Chronic gender stereotyping is also the root cause of an extreme reluctance for men to share their feelings and seek help. And that’s results in a three times higher rate of suicide in men than women. In fact the number 1 recommendation suggested by the Samaritans is to address the gender inequalities in relation to suicide risk. Is that a problem worth recognising?
The thing that’s propagating the gender pay gap, the inequality in boardrooms, the persistently high suicide rate in men is not dolls or dinosaurs or blue or pink. The problem is the sheer dismissal of the problem. A complete refusal to look a bit further into the future and see the same story repeating itself year after year, decade after decade.
It is comments like this all over social media “my kids play with dolls AND dinosaurs, I don’t see the problem”.
I don’t see the problem.

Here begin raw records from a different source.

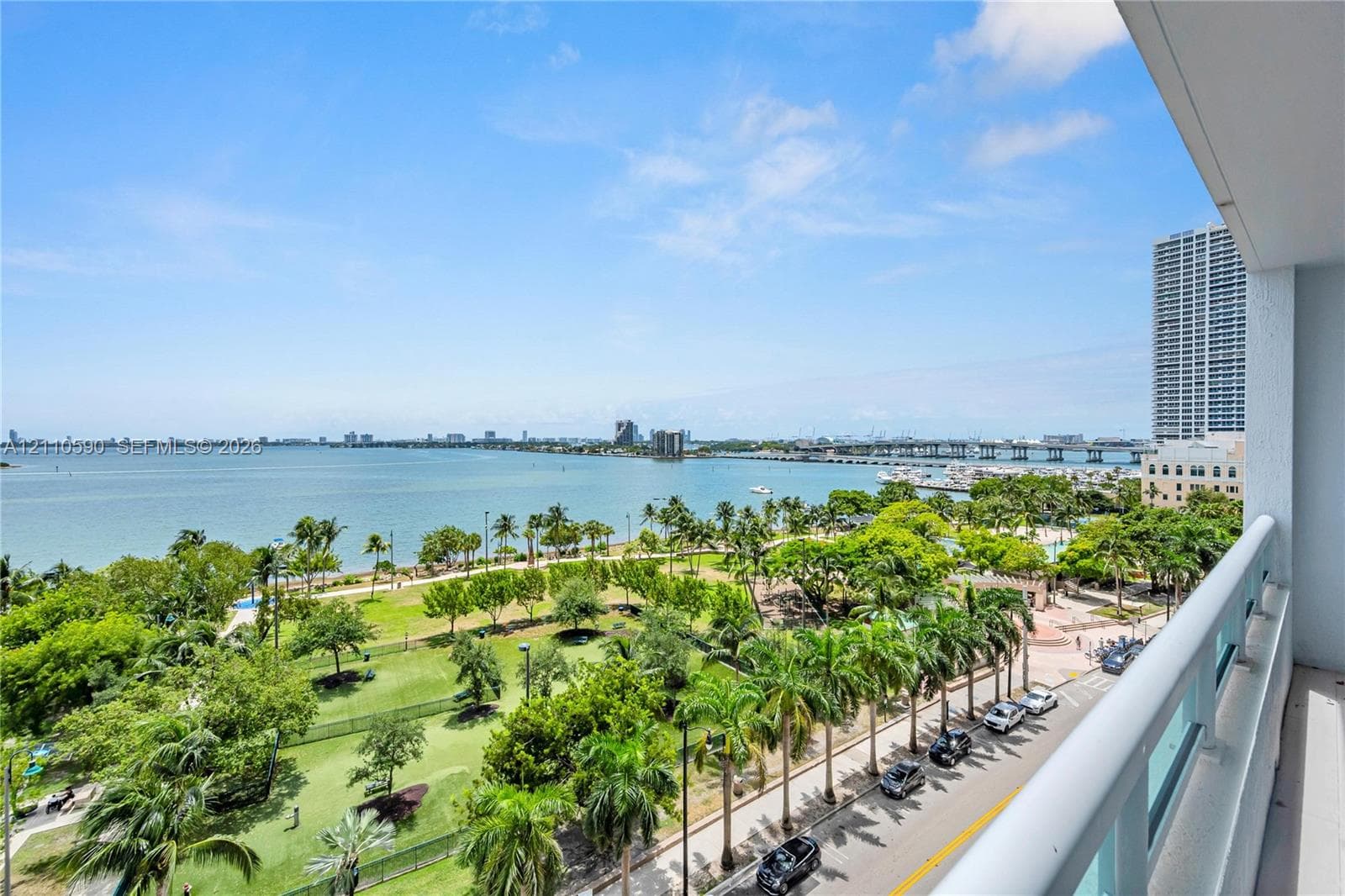 Covered balcony with a glass-panel railing, offering a panoramic outlook over the coastal bay, surrounding parklands, and metropolitan skyline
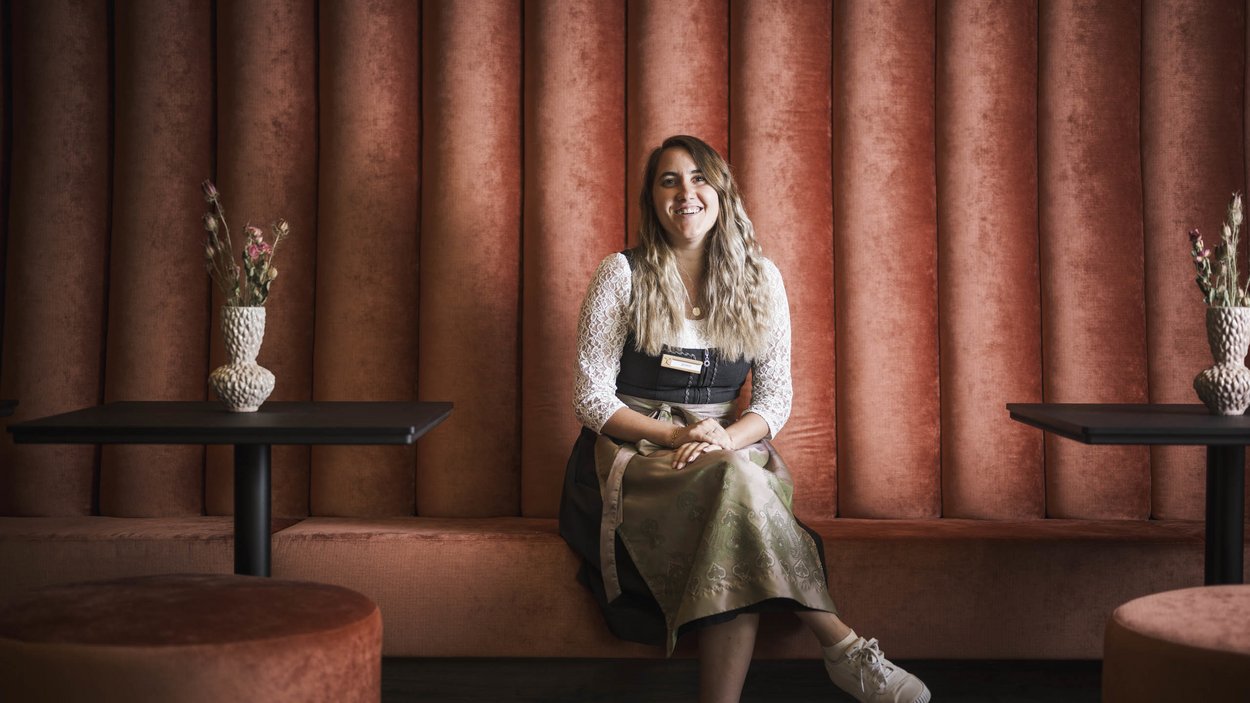 Sustainable hotels in South Tyrol? The Excelsior! Woman in traditional dress sitting on orange bench in modern setting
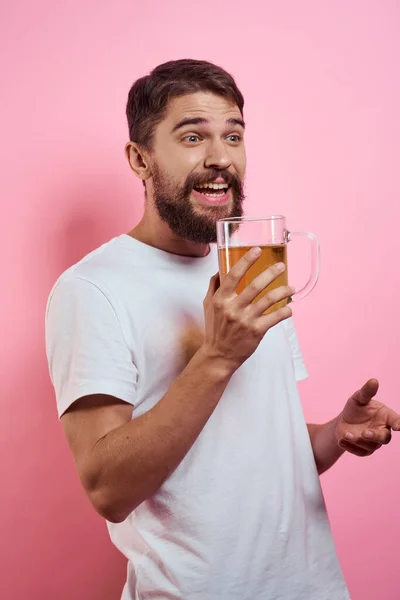 Homme barbu avec une tasse de bière Sur un fond rose émotions amusantes vue recadrée d'un T-shirt blanc ivre — Photo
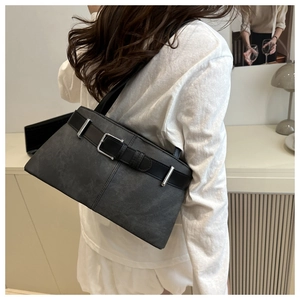 Detailed view of large grey matte shoulder bag with black belt strap and silver buckle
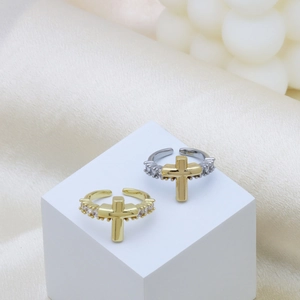 Adjustable two-tone cross ring with micro-paved crystals on white pedestal display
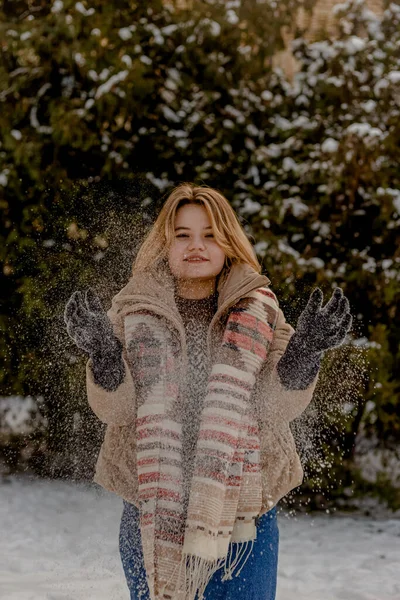 穿着米色夹克和围巾的金发年轻女子用手扔着雪。白雪中的圣诞树的背景。冬季. — 图库照片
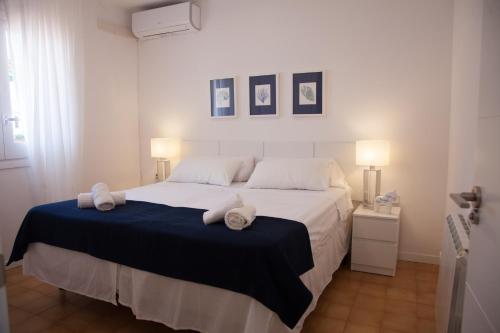 una camera da letto con un grande letto bianco con asciugamani sopra di New Opening Villa Oasis Terramar a Sitges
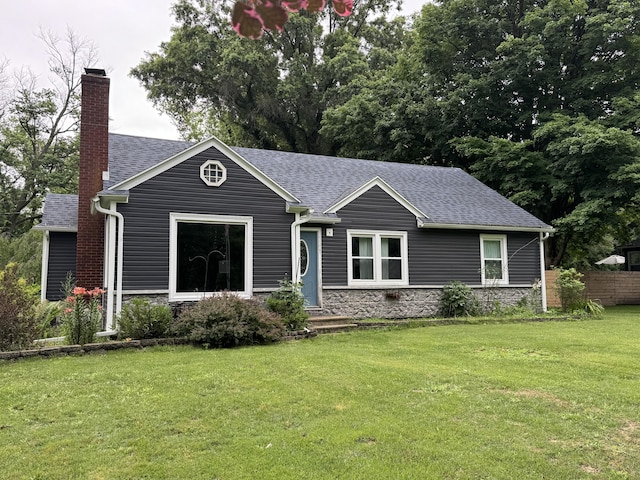 2728 Brook Dr, Kalamazoo, MI 49004 - view of front of home featuring roof with shingles, a chimney, and stone siding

I fail to see the problem.
The problem is only 21% women in STEM. It has barely changed since the 1970s.
The problem is that the boardrooms of the companies who write the job descriptions and take the pictures and make the movies and TV shows and publish the books and decide who to put on the packages and what colour to make them and what to put on the tshirts…are not at all reflective of the world we live in.
The problem is 3x higher suicide rate in men.
Don’t fail to see the problem. See the problem and act on it.
And acting on it doesn’t mean dressing your kids in hessian sacks and calling them Quinoa and Zort and making them play with only primary coloured blocks. Don’t resort to ridiculous comments like that to get a cheap laugh and a few likes.
Act on it by noticing. Just notice what your children are watching, and wearing and reading. Notice the messages they’re picking up. And notice whether you are OK with them. If you’re not OK with them, do something. Talk to your kids, change the channel, walk past the toy, don’t buy the t-shirt. That’s all you have to do.
Sometimes small steps aren’t enough and I think the furore in the media about some brands “going too far” in either direction is just what we needed to start the conversation. It worked, we’re all talking about it!
I guarantee that this media flurry will result in parents talking to their kids about gender stereotypes, even if it’s only “just because you wear pink doesn’t mean you can’t do anything you like my girl, ok?” And “just because you like guns and lego doesn’t mean you can’t cry or talk about your feelings son, you know that don’t you?”
And that, I believe, is the perfect outcome.